### Task to complete
Beginning with the first line below, please restate each line exactly, down to and including the line containing "selective focus photo".

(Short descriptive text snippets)
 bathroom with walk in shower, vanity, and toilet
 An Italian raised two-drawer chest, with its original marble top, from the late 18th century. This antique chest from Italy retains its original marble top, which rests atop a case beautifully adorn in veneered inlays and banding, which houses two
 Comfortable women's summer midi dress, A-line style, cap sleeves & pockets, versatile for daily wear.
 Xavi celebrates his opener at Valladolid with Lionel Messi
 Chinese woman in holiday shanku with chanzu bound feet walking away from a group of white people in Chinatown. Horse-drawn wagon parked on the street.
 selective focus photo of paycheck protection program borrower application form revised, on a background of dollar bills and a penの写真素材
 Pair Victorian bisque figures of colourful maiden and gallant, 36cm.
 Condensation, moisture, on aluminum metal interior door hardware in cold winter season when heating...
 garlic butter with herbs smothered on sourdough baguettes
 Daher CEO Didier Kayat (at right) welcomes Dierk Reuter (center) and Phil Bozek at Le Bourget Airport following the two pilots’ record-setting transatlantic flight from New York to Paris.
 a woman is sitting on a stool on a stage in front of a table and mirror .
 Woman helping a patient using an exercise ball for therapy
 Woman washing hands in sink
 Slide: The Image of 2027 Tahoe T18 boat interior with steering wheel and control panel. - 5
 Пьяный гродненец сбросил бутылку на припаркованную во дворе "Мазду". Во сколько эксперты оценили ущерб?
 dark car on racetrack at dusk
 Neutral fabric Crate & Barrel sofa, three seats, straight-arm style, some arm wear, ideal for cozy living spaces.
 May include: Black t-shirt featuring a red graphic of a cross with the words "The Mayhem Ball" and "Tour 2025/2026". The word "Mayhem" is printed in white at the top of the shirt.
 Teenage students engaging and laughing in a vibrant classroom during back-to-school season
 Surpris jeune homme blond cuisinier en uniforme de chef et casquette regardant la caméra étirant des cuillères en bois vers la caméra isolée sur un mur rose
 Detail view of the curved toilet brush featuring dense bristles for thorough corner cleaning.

### Task solution
 bathroom with walk in shower, vanity, and toilet
 An Italian raised two-drawer chest, with its original marble top, from the late 18th century. This antique chest from Italy retains its original marble top, which rests atop a case beautifully adorn in veneered inlays and banding, which houses two
 Comfortable women's summer midi dress, A-line style, cap sleeves & pockets, versatile for daily wear.
 Xavi celebrates his opener at Valladolid with Lionel Messi
 Chinese woman in holiday shanku with chanzu bound feet walking away from a group of white people in Chinatown. Horse-drawn wagon parked on the street.
 selective focus photo of paycheck protection program borrower application form revised, on a background of dollar bills and a penの写真素材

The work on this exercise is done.